A council spokesperson said, "The council will be carrying out
safety work today following the fire on Balby Road including
fencing off the area and putting up warning notices. The
asbestos in the building is believed to be low risk, however we
will also be visiting local residents to offer advice and
reassurance.”

Four fire appliances from Doncaster, Edlington and Adwick
stations and the aerial ladder platform were called in to deal
with the blaze which was reported shortly before 5:00 p.m. By
the time the first crew arrived flames were shooting through the
roof and it was obvious it had been burning for some time.

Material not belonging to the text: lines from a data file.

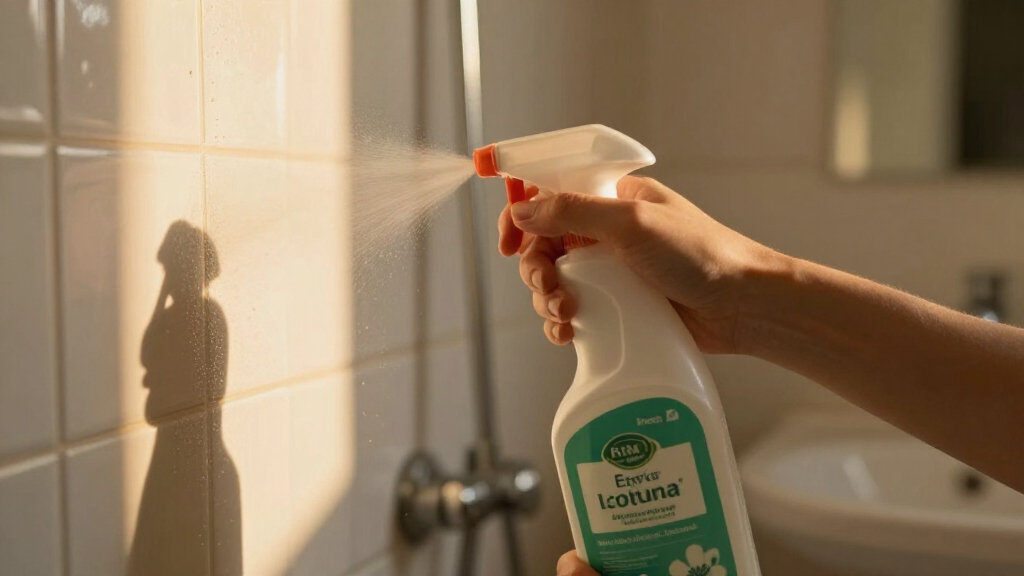 eco-friendly bathroom cleaners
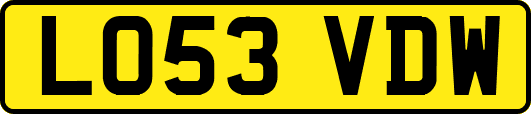 LO53VDW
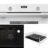 Combi Compactos BI44221AWG – Horno Compacto, Clase A, Capacidad 49L, Color Cristal Blanco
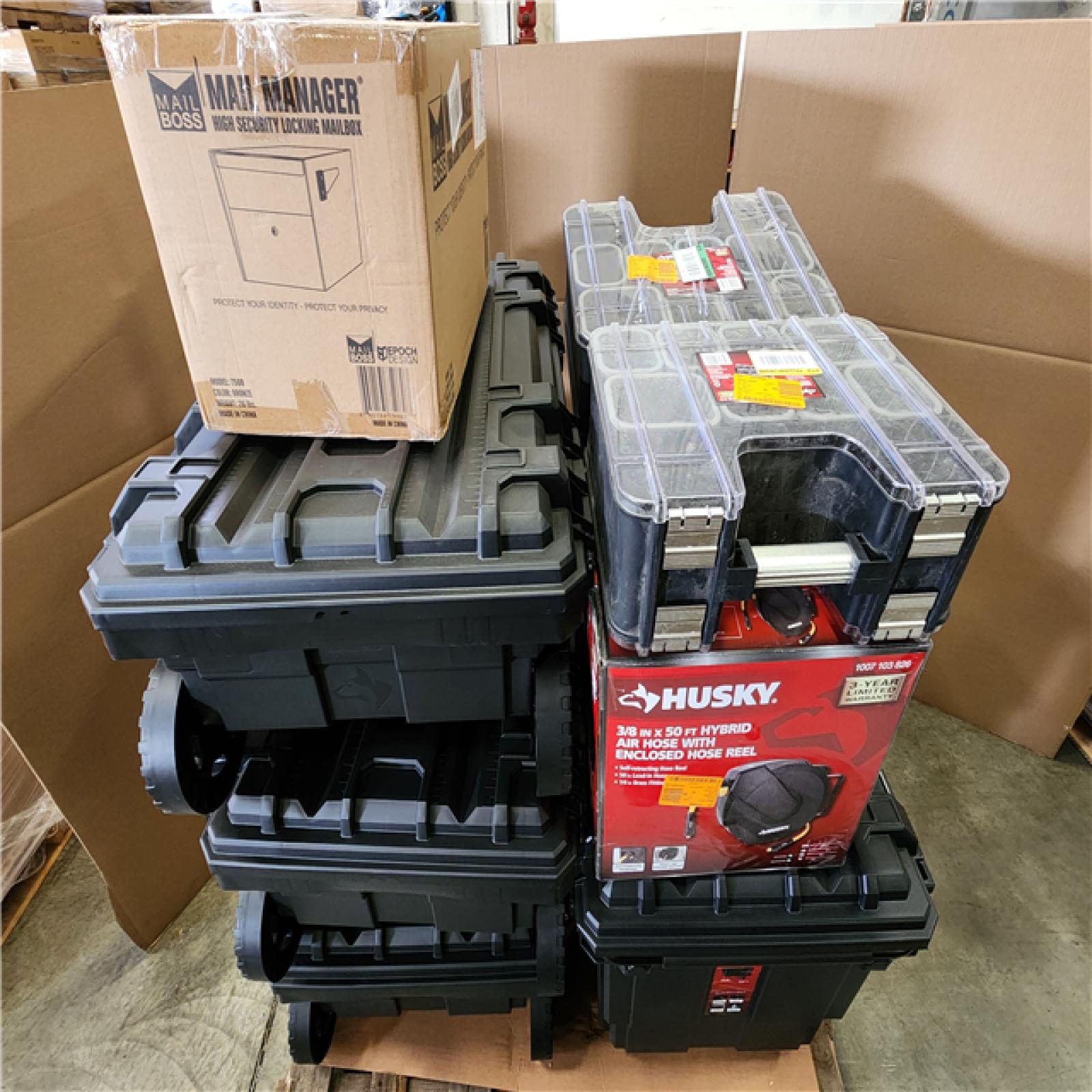 Phoenix AS-IS .Com Home Improvement Pallet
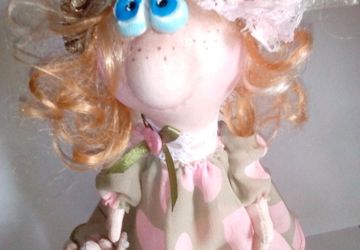 Кукла АНГЕЛ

The club, once one of the most popular in Doncaster, has been
shut for about a year.

Fire investigation experts were due to revisit the site on Dec.
28, 2007.


ASBESTOS LITIGATION: Fire Destroys West Sussex Barns in New Year
----------------------------------------------------------------
A family from West Sussex, England, were evacuated from their
farmhouse after a fire broke out in nearby barns, where asbestos
and gas canisters were both present, BBC News reports.

The blaze had taken hold of the barns rented out for business
use. Three out of five premises were completely destroyed.

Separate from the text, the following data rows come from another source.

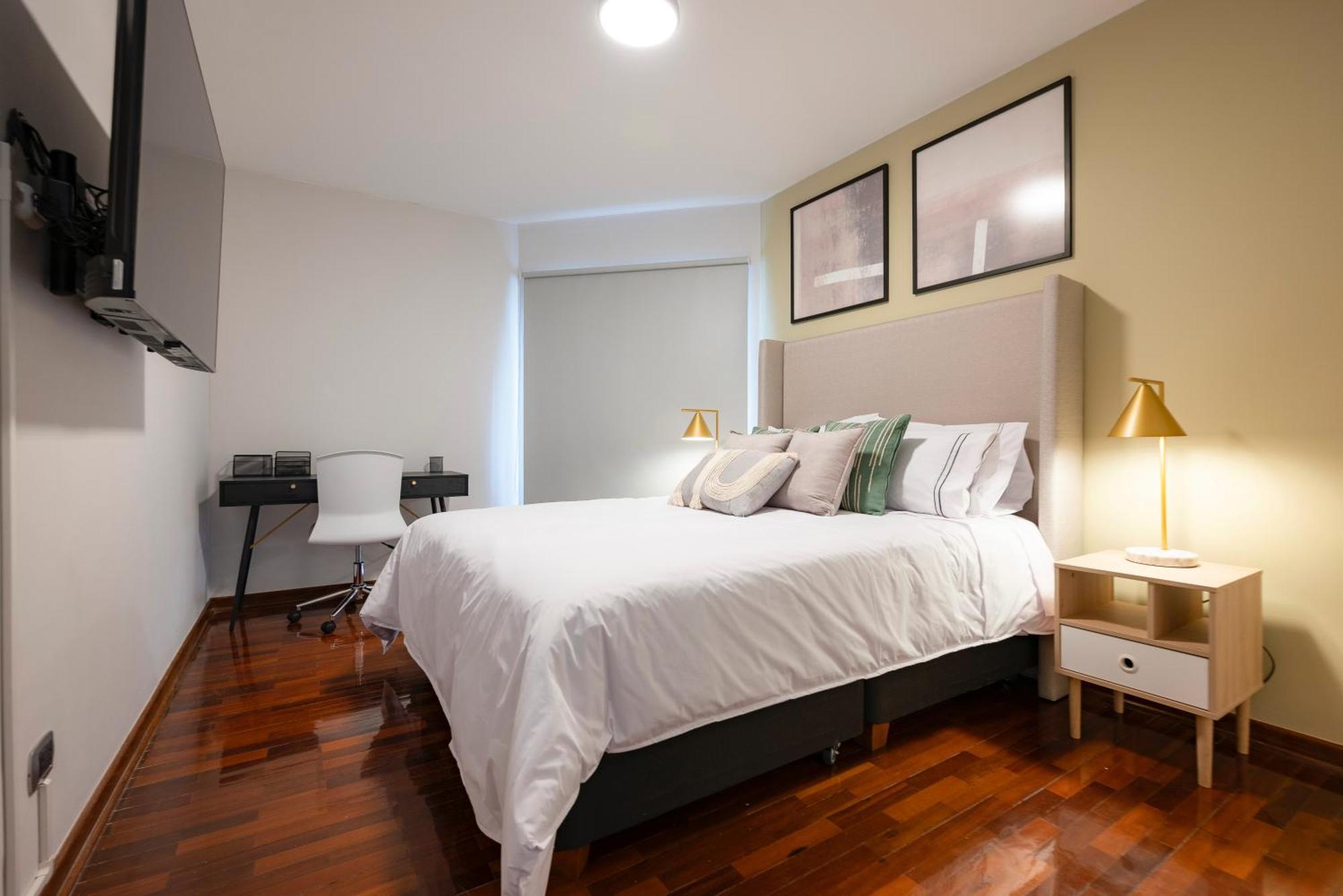 Alu Apartments - Miraflores Lima Room photo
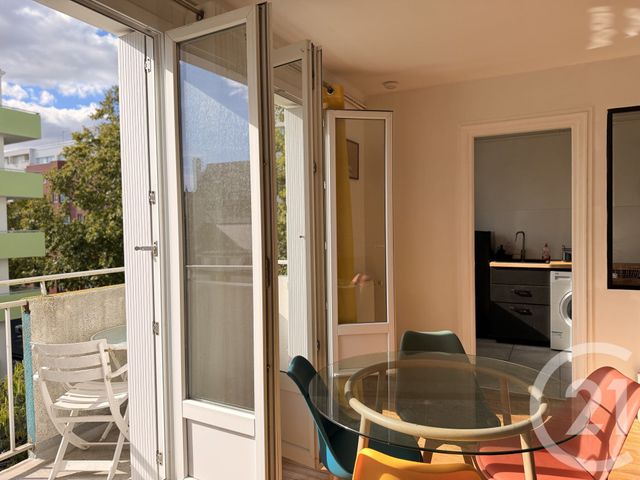 Appartement T2 à vendre - 2 pièces - 41.55 m2 - LORIENT - 56 - BRETAGNE - Century 21 Immobilier Diffusion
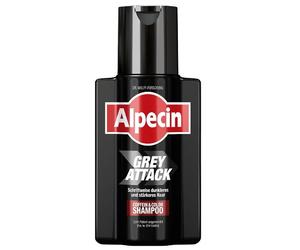 Alpecin Grey Attack Coffein & Color Shampoo Color-depositing shampoo with caffeine 75 ml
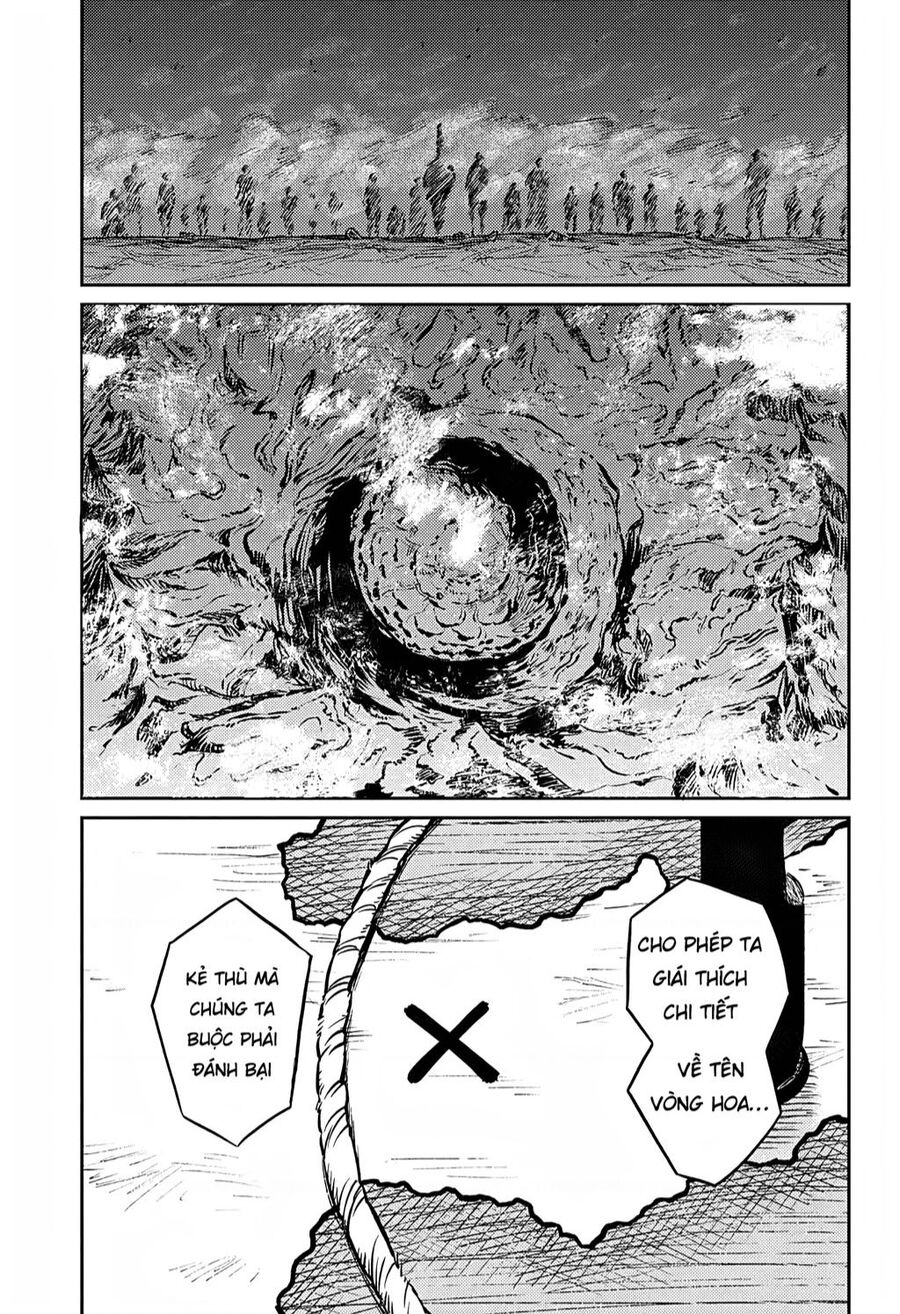 Sensou Kyoushitsu Chương 7 Ảnh 20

Peter Renwick, his wife and their two sons "gatecrashed" their
neighbors' New Year's Eve party when fire crews told them to
leave Crows Hall Farm.

Mr. Renwick said the affected barns had been used by three
companies storing furniture, theatrical props and marquees. He
said his eight-year-old son spotted the fire in the block of
barns just after 2330 GMT on Dec. 31, 2007.

Up to 60 firefighters attended the blaze. It was not
extinguished until about 0700 GMT on Jan. 1, 2008, and crews
were expected to remain at the scene into the evening for
damping down.

The Environment Agency also had to be called out to make sure
Chilgrove Road was cleaned of any asbestos from the roof of the
barns which may have contaminated its surface.

West Sussex Fire and Rescue Service said much of the building
was now unsafe.


ASBESTOS LITIGATION: Aussie Bldg. with Hazard Destroyed by Fire
----------------------------------------------------------------
Fire destroyed a bungalow, which was made of asbestos sheeting,
in the backyard of a Torquay, Victoria, Australia home on Dec.
31, 2007, Geelong Advertiser reports.

The Price Street blaze broke out about 3:30 p.m., quickly taking
hold of the building. The adjoining house was not damaged in the
fire.

Firefighters donned breathing apparatus, fearing they may inhale
the asbestos dust while fighting the fire which lasted about 20
minutes.  

Hot weather added to the battle for firefighters as temperatures
rose to 40 degrees. Only walls and part of the roof of the
building could be saved.

Captain Phil Campbell from Torquay Country Fire Authority said
an investigator was being sent from Geelong to determine the
cause of the blaze. Five CFA units and 20 firefighters from
Geelong and Belmont fought the fire.


ASBESTOS LITIGATION: ACandS to Emerge From Bankruptcy Protection
----------------------------------------------------------------
ACandS Inc., which entered bankruptcy on Sept. 16, 2002 with
US$3 billion in asbestos liability, has entered the final stage
of its Chapter 11 restructuring, Associated Press reports.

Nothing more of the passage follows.